By Professor John Harbeson
Conflict and the most serious and flagrant abuses of fundamental human rights have continued to roil Ethiopia notwithstanding a cessation of hostilities pact signed in November 2022 by the forces of the principal combatants, the forces of the government of prime minister Abiy Ahmed (ENDF) and those (TDF) of the Tigrean People’s Liberation Front (TPLF) based in the north of the country adjacent to Eritrea. The pact ended a two-year war in which between 700,000 and 800,000 have perished, although Eritrea, whose forces entered the war on the side of the ENDF, has not been a party to the agreement, and their current posture has, charitably, remained ambiguous at best. Conflict continues elsewhere in the country, notably in Oromia, the country’s most populous region. The Oromo Liberation Army (OLA) is an armed opposition group, a spin-off from the Oromo Liberation Front (OLF) which has fought for at least self-determination for fifty years. Some of its fighters have been drawn into the Tigrean war by Eritrea.

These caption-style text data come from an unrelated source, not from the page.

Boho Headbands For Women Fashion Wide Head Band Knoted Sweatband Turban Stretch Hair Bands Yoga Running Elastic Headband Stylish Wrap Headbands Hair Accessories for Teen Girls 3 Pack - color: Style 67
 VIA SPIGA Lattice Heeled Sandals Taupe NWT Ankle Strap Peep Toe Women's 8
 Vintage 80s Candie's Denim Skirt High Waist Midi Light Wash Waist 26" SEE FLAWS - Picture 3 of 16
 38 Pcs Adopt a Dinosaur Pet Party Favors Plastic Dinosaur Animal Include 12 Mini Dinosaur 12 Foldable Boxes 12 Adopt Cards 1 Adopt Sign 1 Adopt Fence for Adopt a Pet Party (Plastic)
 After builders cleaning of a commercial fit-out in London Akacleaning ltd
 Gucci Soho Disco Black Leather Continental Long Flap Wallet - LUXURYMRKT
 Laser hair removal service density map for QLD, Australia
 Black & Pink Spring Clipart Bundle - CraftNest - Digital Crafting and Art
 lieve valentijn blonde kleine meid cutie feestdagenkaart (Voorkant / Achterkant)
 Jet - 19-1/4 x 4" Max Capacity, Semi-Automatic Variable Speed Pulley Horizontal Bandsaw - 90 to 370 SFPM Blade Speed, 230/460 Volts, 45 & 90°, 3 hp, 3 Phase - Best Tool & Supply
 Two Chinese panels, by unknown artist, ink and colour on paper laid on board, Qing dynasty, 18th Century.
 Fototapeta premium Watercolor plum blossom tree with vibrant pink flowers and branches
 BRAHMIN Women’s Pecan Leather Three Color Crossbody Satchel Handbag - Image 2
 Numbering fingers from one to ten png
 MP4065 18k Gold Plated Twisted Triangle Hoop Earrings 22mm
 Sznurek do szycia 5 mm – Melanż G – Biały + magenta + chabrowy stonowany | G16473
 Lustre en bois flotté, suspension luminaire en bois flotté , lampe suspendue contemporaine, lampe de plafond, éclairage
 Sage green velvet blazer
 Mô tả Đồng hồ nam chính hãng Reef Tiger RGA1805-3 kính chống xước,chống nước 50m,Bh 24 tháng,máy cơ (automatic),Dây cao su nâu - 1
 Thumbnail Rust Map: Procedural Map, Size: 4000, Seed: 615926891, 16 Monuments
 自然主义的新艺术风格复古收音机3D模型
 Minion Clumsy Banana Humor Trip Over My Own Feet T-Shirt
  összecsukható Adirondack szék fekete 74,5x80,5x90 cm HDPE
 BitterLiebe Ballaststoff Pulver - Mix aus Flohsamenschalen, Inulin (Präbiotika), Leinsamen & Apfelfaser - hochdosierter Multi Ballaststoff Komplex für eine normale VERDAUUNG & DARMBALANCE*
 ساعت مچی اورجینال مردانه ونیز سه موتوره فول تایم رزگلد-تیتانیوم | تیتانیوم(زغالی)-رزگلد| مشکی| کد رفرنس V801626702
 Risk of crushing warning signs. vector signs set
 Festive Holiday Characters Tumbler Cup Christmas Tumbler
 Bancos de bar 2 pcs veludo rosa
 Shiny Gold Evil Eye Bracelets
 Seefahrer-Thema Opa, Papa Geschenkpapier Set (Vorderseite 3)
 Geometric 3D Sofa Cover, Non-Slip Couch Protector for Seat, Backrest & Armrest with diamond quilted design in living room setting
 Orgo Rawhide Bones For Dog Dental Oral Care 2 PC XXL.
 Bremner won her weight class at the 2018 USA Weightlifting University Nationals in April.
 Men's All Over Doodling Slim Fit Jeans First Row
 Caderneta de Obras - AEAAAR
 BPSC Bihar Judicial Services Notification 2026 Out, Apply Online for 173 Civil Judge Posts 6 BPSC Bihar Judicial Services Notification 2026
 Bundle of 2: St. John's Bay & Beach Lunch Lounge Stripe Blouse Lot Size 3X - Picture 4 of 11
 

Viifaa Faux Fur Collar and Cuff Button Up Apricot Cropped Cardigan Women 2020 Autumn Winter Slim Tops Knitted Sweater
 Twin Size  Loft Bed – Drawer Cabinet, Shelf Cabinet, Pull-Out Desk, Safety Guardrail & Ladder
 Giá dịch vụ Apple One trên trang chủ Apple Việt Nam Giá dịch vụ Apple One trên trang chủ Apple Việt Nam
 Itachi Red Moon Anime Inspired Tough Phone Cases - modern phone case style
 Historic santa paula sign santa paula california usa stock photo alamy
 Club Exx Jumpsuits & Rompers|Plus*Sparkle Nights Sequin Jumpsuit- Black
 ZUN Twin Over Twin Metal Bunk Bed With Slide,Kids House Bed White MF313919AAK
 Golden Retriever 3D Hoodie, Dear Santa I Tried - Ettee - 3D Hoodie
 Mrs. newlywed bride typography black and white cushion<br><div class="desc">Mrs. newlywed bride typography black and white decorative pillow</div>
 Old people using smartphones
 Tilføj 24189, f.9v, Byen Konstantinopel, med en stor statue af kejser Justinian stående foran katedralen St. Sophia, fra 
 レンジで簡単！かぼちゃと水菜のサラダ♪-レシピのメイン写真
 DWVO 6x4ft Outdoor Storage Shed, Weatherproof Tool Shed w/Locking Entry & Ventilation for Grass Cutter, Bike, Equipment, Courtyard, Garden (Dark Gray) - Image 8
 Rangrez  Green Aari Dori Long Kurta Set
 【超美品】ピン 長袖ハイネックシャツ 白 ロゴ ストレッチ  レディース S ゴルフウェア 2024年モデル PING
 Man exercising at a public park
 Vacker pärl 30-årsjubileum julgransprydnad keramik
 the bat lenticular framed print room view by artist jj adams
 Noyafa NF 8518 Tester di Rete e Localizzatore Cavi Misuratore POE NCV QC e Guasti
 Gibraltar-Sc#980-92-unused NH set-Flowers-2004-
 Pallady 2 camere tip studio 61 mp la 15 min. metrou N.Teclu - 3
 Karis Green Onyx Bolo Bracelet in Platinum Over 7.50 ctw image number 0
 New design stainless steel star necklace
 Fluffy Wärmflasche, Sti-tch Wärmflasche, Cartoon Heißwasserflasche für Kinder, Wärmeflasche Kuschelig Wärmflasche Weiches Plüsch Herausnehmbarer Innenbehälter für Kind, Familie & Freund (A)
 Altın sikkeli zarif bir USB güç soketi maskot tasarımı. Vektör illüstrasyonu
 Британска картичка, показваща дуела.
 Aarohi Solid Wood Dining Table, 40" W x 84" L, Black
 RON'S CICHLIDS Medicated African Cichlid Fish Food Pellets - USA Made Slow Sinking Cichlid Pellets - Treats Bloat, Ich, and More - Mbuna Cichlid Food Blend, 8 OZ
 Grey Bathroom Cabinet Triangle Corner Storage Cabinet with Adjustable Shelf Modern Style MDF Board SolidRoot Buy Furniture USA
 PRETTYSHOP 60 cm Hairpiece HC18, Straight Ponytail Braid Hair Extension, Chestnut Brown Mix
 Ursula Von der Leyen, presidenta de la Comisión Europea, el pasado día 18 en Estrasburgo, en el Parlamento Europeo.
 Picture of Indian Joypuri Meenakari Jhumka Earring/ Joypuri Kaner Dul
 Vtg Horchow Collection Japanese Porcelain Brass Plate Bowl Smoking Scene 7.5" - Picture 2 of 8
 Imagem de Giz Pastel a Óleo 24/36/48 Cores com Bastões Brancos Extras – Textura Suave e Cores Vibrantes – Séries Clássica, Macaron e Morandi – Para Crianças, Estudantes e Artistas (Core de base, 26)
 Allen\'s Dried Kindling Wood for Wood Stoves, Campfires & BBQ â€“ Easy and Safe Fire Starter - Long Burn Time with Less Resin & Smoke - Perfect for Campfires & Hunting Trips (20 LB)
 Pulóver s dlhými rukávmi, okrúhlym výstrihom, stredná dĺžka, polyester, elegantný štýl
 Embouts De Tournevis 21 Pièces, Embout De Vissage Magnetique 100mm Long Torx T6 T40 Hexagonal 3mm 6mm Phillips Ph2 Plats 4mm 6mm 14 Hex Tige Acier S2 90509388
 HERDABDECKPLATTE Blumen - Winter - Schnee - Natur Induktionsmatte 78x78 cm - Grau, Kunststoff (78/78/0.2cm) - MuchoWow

Abiy’s government has allowed resumption of basic services, canceled its designation of the TPLF as a terrorist entity, attempted negotiations with the OLA and designated a transitional leader for Tigre’s post-conflict government. But the ongoing humanitarian crisis has remained overwhelming, one of the world’s worst, its ultimate scale yet to be determined, both sides standing accused of war crimes against humanity, ethnic cleansing and potentially genocide. By the war’s termination, UNICEF estimated 29.7 million, perhaps 25% of the country’s citizens, needed humanitarian assistance, 874,000 having become refugees, and at least 50,000 having sought refuge in Sudan.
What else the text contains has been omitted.